(Image-caption web data)
____________
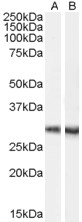 DCDC2 Antibody - Staining of mouse brain lysate (35 ug protein in RIPA buffer) with A) Goat Anti-Dcdc2a Antibody (EB07463) (0.1 ug/ml) and B) LS-B10286. Primary incubation was 1 hour. Detected by chemiluminescence.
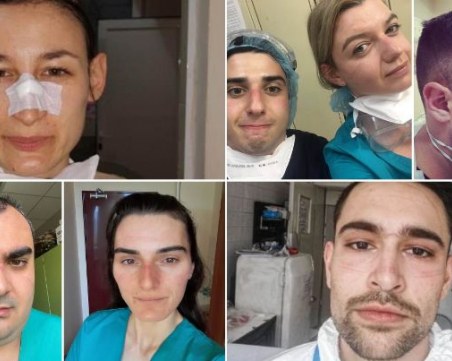 Български лекари показаха следите от маските по лицата си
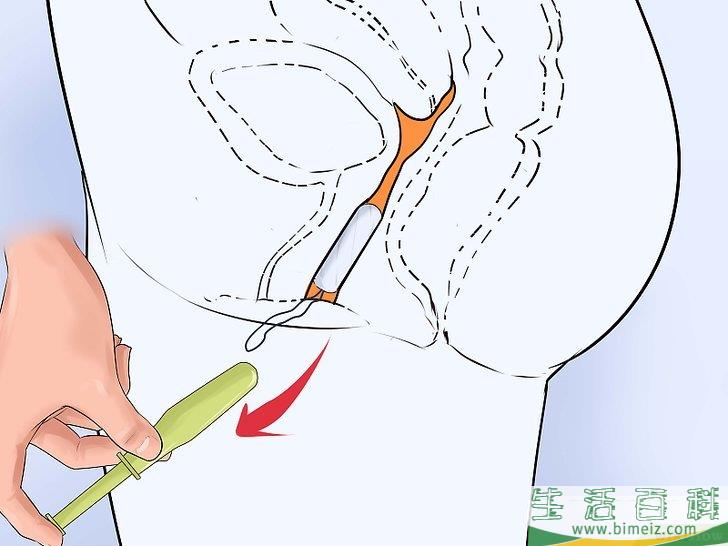 如何无痛地使用卫生棉条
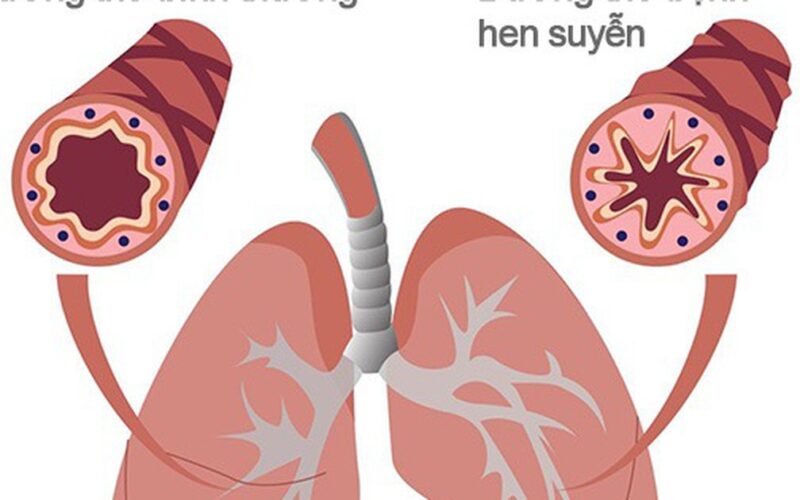 Khi nào người bệnh hen cần đến viện ngay lập tức?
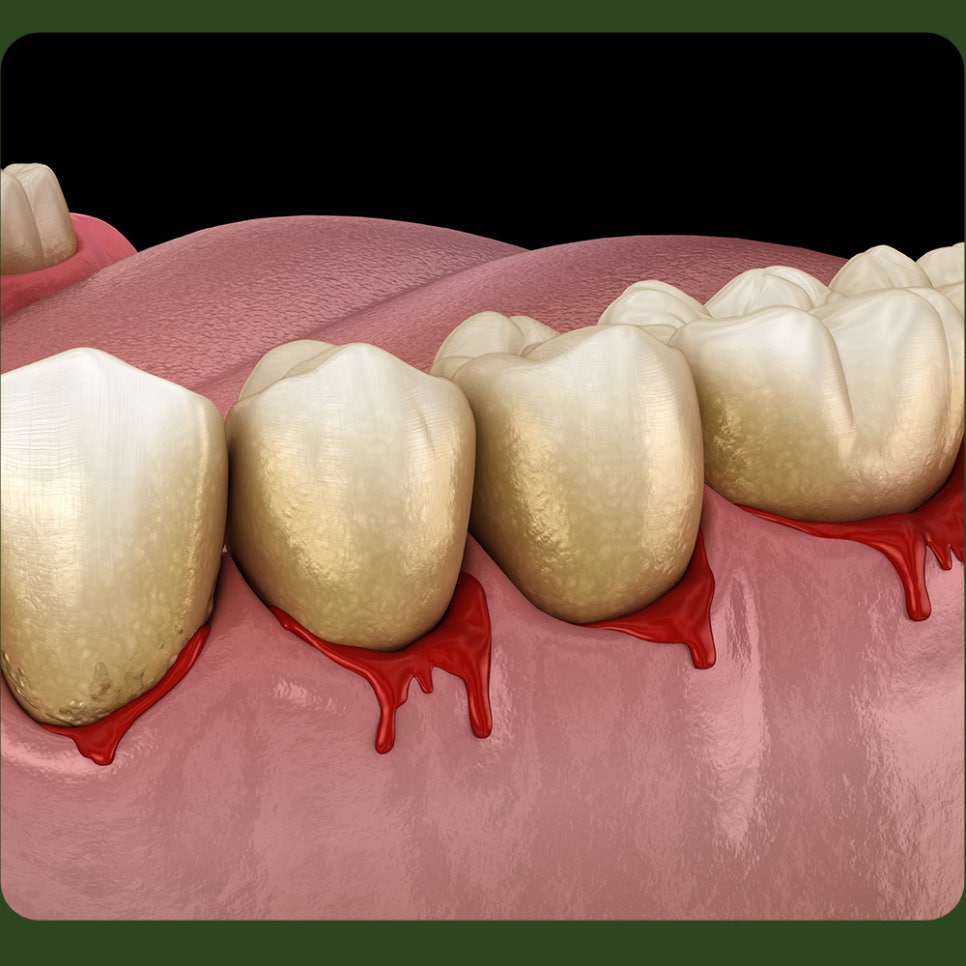 Why Do Gums Bleed? image 2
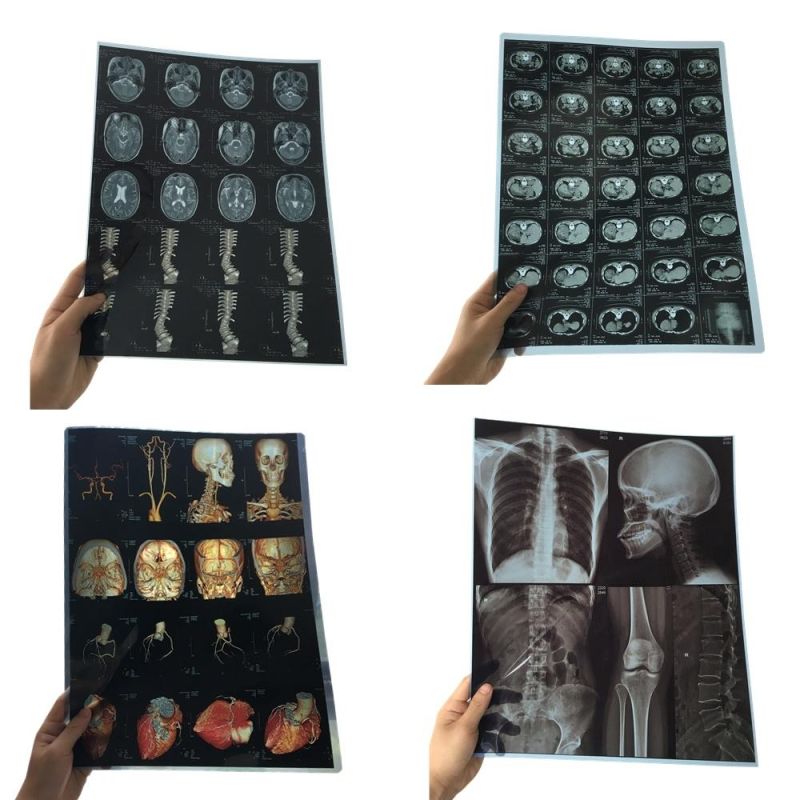 Roll Packing Medical Inkjet Cheap MRI X Ray Films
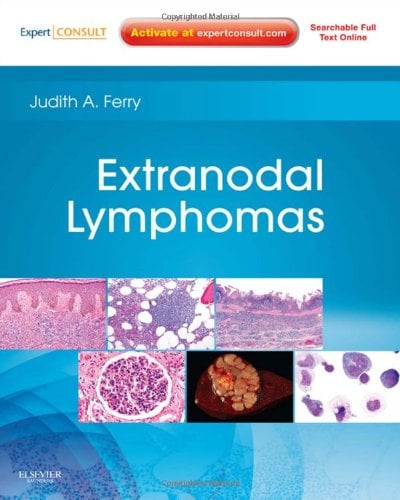 Extranodal Lymphomas (Original PDF from Publisher)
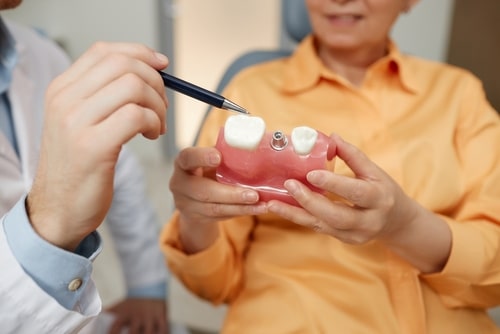 ¿Soy un candidato para los implantes dentales? | Happy Smiles Dentistry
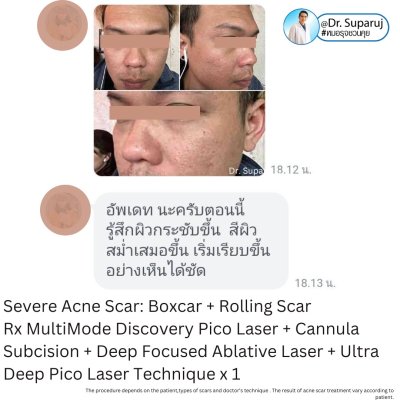 Testimonials รีวิวผลการรักษา ความประทับใจจากคนไข้ ที่มาใช้บริการที่  DeMed Clinic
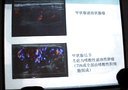 乳腺纤维腺瘤患者病例讨论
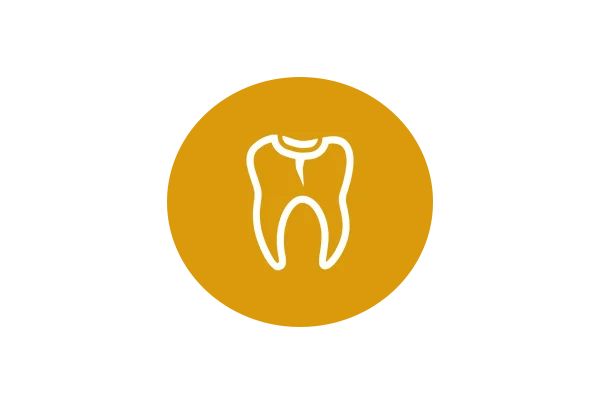 Dental Sealants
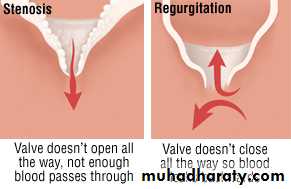 Valvular heart diseases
____________
--- Directions ---
This calls for an exact copy of all the entries above, with the pictures omitted.

--- Task solution ---
 DCDC2 Antibody - Staining of mouse brain lysate (35 ug protein in RIPA buffer) with A) Goat Anti-Dcdc2a Antibody (EB07463) (0.1 ug/ml) and B) LS-B10286. Primary incubation was 1 hour. Detected by chemiluminescence.
 Български лекари показаха следите от маските по лицата си
 如何无痛地使用卫生棉条
 Khi nào người bệnh hen cần đến viện ngay lập tức?
 Why Do Gums Bleed? image 2
 Roll Packing Medical Inkjet Cheap MRI X Ray Films
 Extranodal Lymphomas (Original PDF from Publisher)
 ¿Soy un candidato para los implantes dentales? | Happy Smiles Dentistry
 Testimonials รีวิวผลการรักษา ความประทับใจจากคนไข้ ที่มาใช้บริการที่  DeMed Clinic
 乳腺纤维腺瘤患者病例讨论
 Dental Sealants
 Valvular heart diseases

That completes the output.